Carnet de commandes | |||||||||
Monocouloir | Long courrier | Très gros porteur | |||||||
Airbus | Boeing | Airbus | Boeing | Airbus | Boeing | ||||
famille A320 | 737 | A330 | A350 | 787 | 767 | A380 | 747 | 777 | 777X |
6141 | 4731 | 317 | 712 | 683 | 101 | 95 | 17 | 100 | 326 |
6141 | 4731 | 1029 | 784 | 95 | 443 |
Livraisons 2017 | |||||||||
Monocouloir | Long courrier | Très gros porteur | |||||||
Airbus | Boeing | Airbus | Boeing | Airbus | Boeing | ||||
famille A320 | 737 | A330 | A350 | 787 | 767 | A380 | 747 | 777 | 777X |
558 | 529 | 67 | 78 | 136 | 10 | 15 | 14 | 74 | – |
558 | 529 | 145 | 146 | 15 | 88 |
Les enquêtes pèsent lourdement sur Airbus
L’annonce des enquêtes visant le groupe a accéléré le calendrier. Les grandes manœuvres ont déjà commencé. Le conseil d’administration d’Airbus a entériné juste avant Noël le départ de Fabrice Brégier, numéro deux du groupe, pour février prochain. Tom Enders, lui, a renoncé à un troisième mandat à la tête du fleuron industriel européen. Son départ pourrait être anticipé en raison des enquêtes qui le visent, mais pose aussi la question de sa succession.

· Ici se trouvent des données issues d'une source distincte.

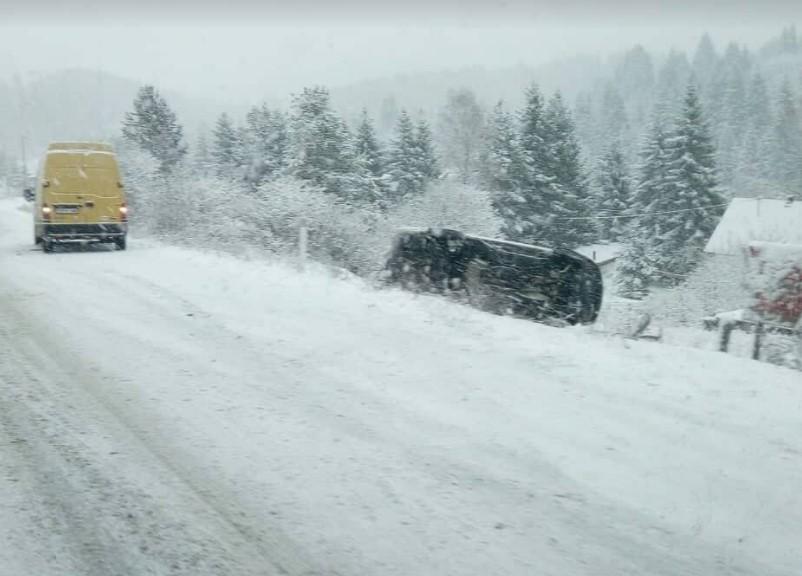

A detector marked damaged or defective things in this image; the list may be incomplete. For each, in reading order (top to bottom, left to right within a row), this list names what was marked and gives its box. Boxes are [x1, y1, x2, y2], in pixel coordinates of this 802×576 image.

overturned vehicle wheel [382, 231, 600, 328]
overturned black vehicle [386, 231, 600, 328]
overturned vehicle undercarriage [384, 230, 604, 328]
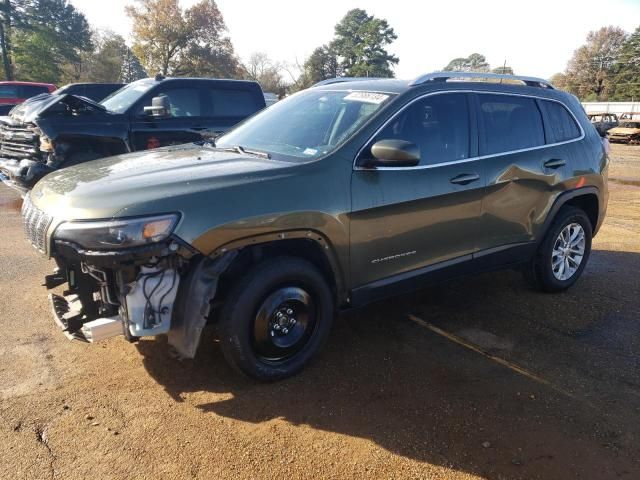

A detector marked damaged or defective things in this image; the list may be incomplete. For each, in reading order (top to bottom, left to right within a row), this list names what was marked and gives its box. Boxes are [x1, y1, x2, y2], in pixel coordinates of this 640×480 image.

crumpled fender [168, 251, 238, 356]
damaged green suv [22, 72, 608, 378]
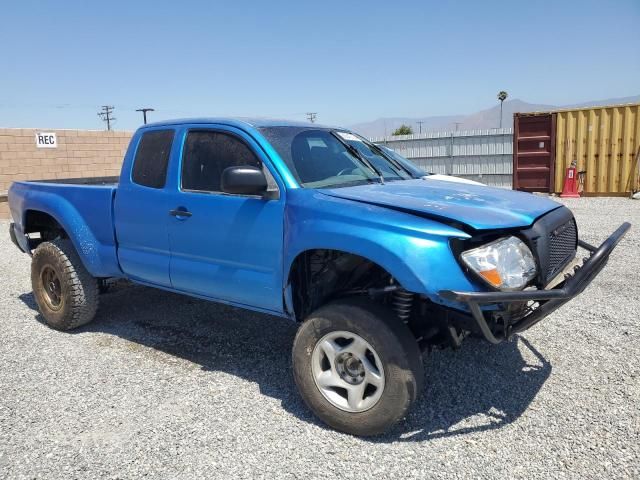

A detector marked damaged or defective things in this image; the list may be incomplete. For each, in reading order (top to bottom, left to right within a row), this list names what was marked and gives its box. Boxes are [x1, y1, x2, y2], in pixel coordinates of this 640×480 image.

damaged hood [320, 180, 560, 232]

Cela arrive au plus mauvais moment, alors que John Leahy passe la main à Éric Schulz, transfuge de Rolls-Royce, où il dirigeait la branche moteur civil. La situation profite à Guillaume Faury, le P-DG d’Airbus Helicopters, qui a réussi à traverser la crise du secteur des voilures tournantes. Il deviendra responsable des avions civils dès le départ de Fabrice Brégier, mais n’héritera pas de son titre officiel de numéro deux. Guillaume Faury a un autre avantage de taille : pendant la période (2008-2013) couverte par les enquêtes menées par les parquets français, britannique et allemand, il n’était pas dans le groupe mais à la tête de Segula Technologies, puis responsable de la R&D chez PSA.

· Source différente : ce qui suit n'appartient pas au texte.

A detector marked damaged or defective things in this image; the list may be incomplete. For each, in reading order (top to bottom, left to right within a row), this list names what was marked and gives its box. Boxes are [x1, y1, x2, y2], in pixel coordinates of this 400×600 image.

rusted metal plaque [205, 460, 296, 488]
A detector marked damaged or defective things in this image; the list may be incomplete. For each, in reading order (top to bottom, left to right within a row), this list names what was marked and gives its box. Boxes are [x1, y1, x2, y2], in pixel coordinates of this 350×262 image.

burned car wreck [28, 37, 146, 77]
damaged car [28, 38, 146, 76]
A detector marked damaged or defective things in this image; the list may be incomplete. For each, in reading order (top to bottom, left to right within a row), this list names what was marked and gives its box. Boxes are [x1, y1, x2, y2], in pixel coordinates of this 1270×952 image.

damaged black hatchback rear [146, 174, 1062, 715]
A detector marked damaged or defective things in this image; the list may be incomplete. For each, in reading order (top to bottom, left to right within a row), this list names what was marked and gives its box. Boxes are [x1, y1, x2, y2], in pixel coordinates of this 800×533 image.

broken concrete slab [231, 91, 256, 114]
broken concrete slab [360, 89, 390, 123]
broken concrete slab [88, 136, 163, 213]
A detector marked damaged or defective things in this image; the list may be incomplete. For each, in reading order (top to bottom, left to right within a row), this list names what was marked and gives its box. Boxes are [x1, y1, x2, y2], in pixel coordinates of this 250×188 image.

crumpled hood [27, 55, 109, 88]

À la recherche du nouveau patron
Depuis plusieurs mois, le climat à la tête de l’entreprise s’était dégradé. Il est difficile de considérer désormais que Tom Enders pourra sans problème aller jusqu’au bout de son mandat, qui finit en 2019, alors que va se poser d’ici là en permanence la question de sa succession. Il semblerait que la France et l’Allemagne, qui ne sont plus décisionnaires, mais gardent plus qu’un œil sur les nominations à la tête de l’avionneur, se soient accordées.

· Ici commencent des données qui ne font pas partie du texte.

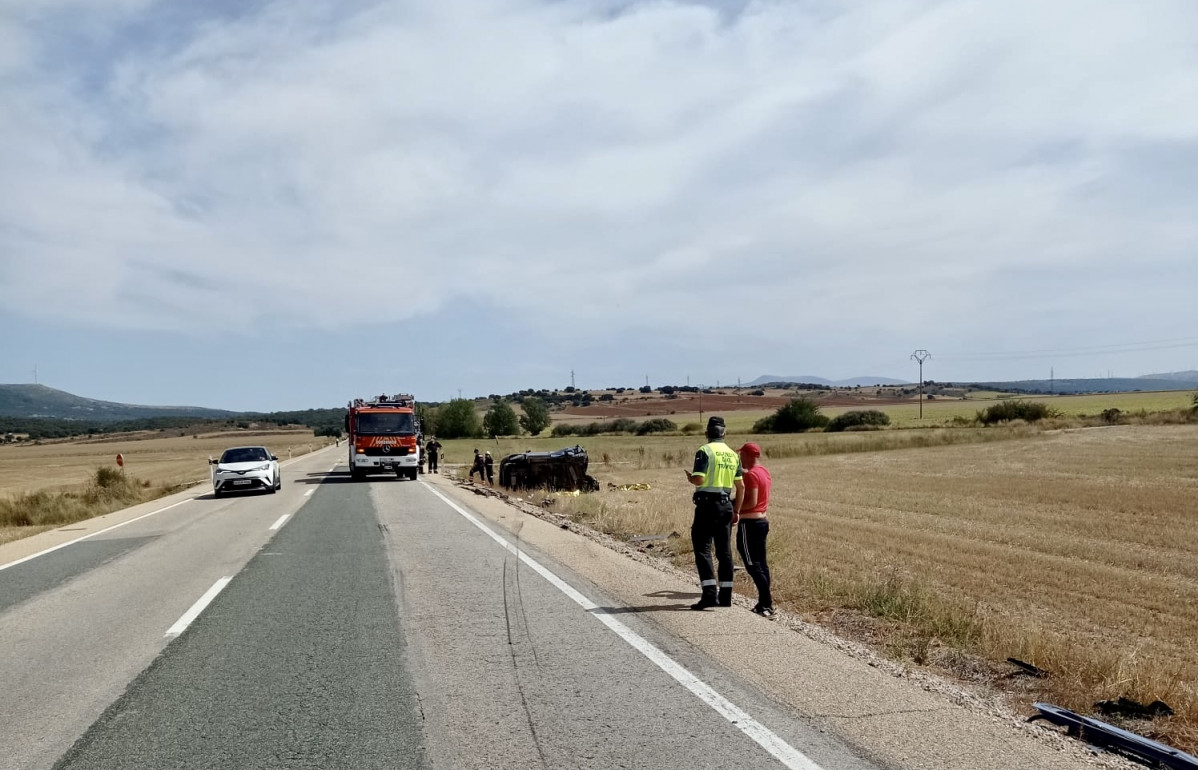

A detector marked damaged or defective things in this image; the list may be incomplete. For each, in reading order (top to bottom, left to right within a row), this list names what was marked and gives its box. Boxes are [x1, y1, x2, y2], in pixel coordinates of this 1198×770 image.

overturned vehicle [500, 444, 600, 492]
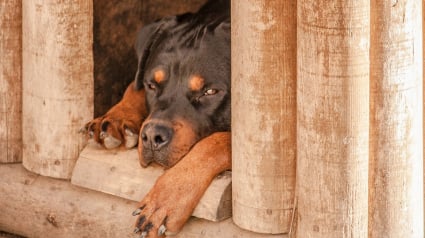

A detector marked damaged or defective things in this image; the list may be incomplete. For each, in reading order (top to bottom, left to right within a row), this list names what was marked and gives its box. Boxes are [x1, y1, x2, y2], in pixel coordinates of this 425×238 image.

splintered wood edge [72, 142, 232, 222]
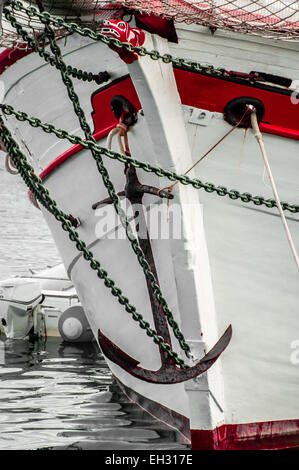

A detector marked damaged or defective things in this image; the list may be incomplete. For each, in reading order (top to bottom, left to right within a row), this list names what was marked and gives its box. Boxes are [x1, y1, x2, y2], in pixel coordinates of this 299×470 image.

rusty anchor [94, 165, 232, 382]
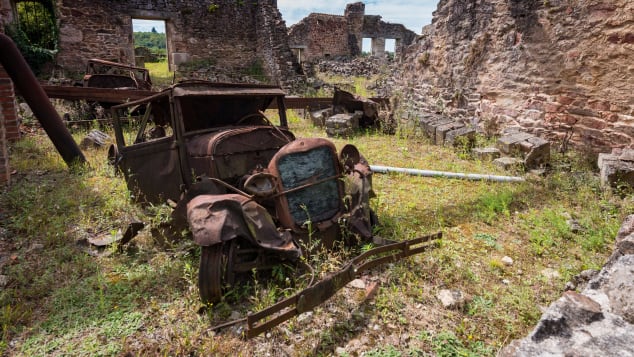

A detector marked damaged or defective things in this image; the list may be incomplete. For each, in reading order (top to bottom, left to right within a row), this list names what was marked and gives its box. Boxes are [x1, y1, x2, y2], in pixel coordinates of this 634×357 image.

rusty metal post [0, 33, 86, 165]
rusted metal bar [0, 33, 86, 165]
rusted car [81, 57, 152, 89]
rusted car [108, 80, 376, 304]
abandoned car body [109, 82, 376, 304]
rusty sheet metal [186, 193, 300, 258]
rusty sheet metal [242, 231, 440, 336]
rusted car frame rail [242, 231, 440, 336]
rusty metal frame [242, 231, 440, 336]
rusted metal bar [243, 231, 440, 336]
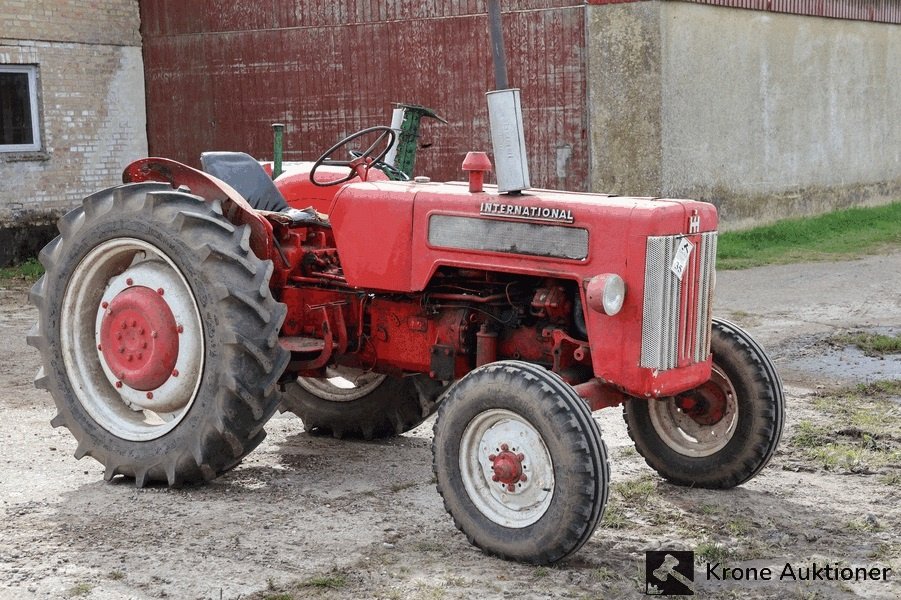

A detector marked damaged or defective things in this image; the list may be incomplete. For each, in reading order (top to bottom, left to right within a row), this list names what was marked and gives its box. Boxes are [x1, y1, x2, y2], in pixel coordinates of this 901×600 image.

rusty metal surface [140, 0, 588, 190]
rusty metal surface [584, 0, 900, 23]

Un Français devrait prendre la direction du groupe, avec un numéro deux allemand. Le principe de l’alternance serait donc respecté. Fabrice Brégier n’était pas envisagé pour ce poste, ce qui l’a poussé à partir très rapidement. Les gouvernements seraient à la recherche du candidat idéal : on a évoqué Thierry Breton, P-DG d’Atos, ancien ministre de l’Économie, ou Alexandre de Juniac, ancien patron d’Air France, actuellement à la tête de l’IATA (Association internationale du transport aérien).
Cette configuration donne une impression « fin de règne » à ce début d’année, alors que le groupe a réalisé son meilleur exercice en termes de livraison, un cran en dessous de Boeing, mais en le devançant au niveau des prises de commandes. Mais, si les avions commerciaux tirent le groupe, il reste des sujets de préoccupation. Un point d’étape sur les surcoûts de l’A400M est plus qu’attendu, alors que le taux de disponibilité handicape lourdement l’armée française. En attendant la conférence annuelle, Airbus Helicopters présentera ses ventes le lundi 22 janvier, une dernière pour Guillaume Faury à la tête de l’entreprise.